Avivah Gottlieb Zornberg addresses this concept in her book, The Beginning of Desire: Reflections on Genesis (1995). She focuses at one point on the meaning of Adam's "standing" as it has been interpreted in the Jewish midrash, the body of stories and interpretations elaborating the Biblical texts:
... Adam occupies a vantage point from which he sees not only the stars, but all created beings on earth. He can see downwards as well as upwards, he is rooted in a reality which he can perceive and map.
Nothing is said to indicate that he sees the animals as minuscule, but clearly they see him as awesome in his verticality. They assume, indeed, that he is their creator. That is, man knows himself as conspicuous, self-conscious, not an indigenous part of the world of nature. There is danger and fear in the loneliness of this position, the hazard of hubris. For what the animals perceive is something truly Godlike. In standing, he is the equivalent, in the lower world, of the angels. Sardonically, [Elias] Canetti writes: "We always overrate the man who stands upright. ... Because standing is ... the antecedent of all motion, a standing man creates an impression of energy which is as yet unused." The reserves of possibility signified by the standing position may be something of an illusion, Canetti suggests. We see Adam's godlikeness, here, from the viewpoint of the adoring animals.
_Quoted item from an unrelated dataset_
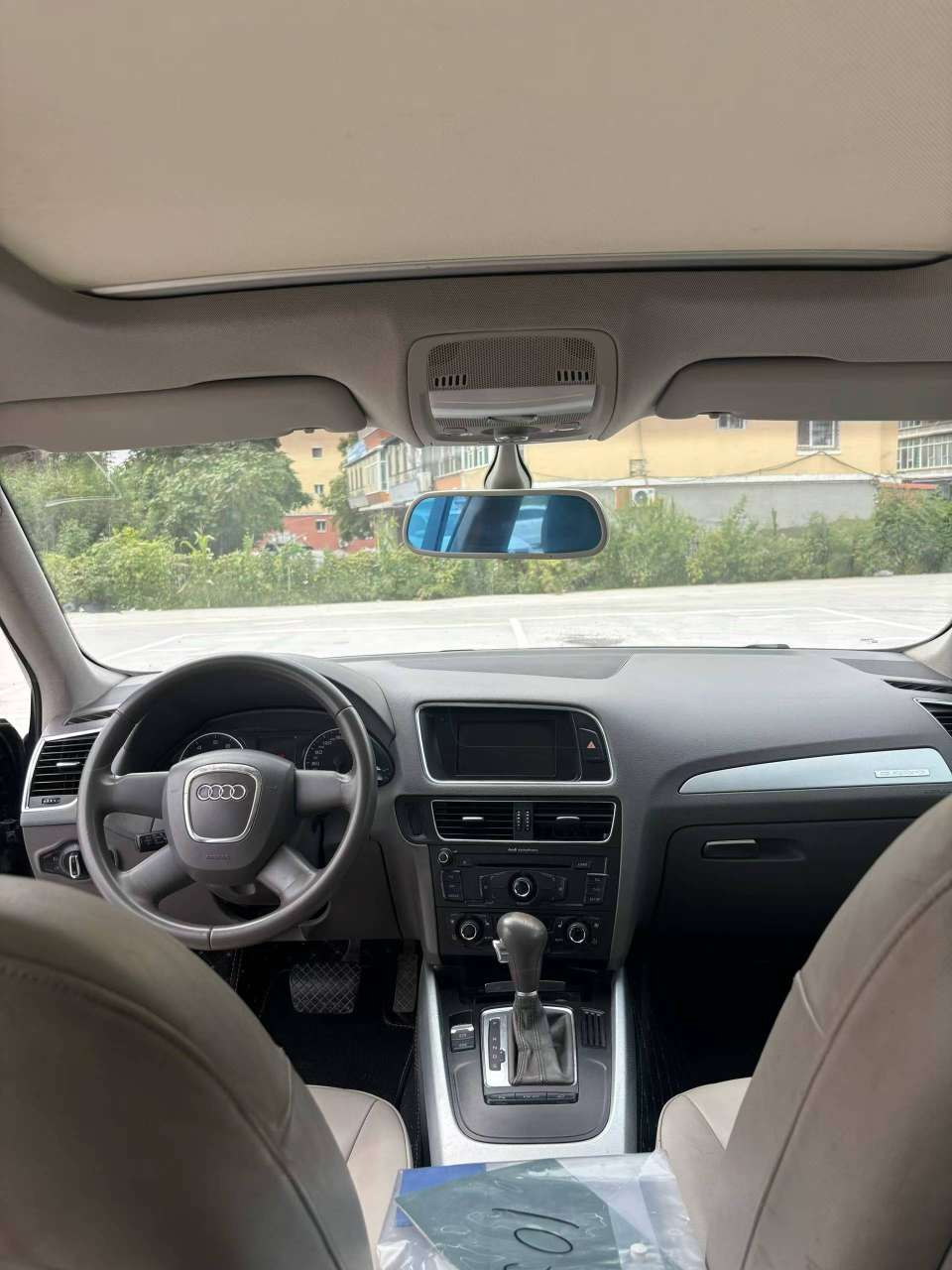 Audi Q5 2010 2.0T 4WD 5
But the authentic greatness of Adam emerges in his response. He abandons his belfry grandeur and proclaims a common identity with the animals as created beings who owe adoration to an invisible Creator. And he does this in no obsequious humility but in a paradoxical perception that "to stand in the presence of God" is precisely to achieve full "majesty and strength." In voluntary acknowledgment, firstly of the vast gamut of created life ("How many are Your works, O God!") and then of the ultimate coherence under God of this "pied beauty," Adam becomes most Godlike. He makes common cause with the animals (lit., I and you, let us go put on majesty), but he, in fact, goes first and alone.
The paradox consists of Adam's diminishing himself — surrendering a speciously Godlike role and assuming an authentic one. The paradigm for this is the enigmatic rabbinic statement: "Wherever you find the greatness of God, there you find His humility." Power and humility are both implicit in this vision of Adam standing in the presence of God: "man in his wholeness wholly attending." (my emphasis)
Of course, when you are trying to read Genesis as a 21st-century science textbook, you have a tendency to miss stuff like that. The religious stuff, that is, the real point of the Bible.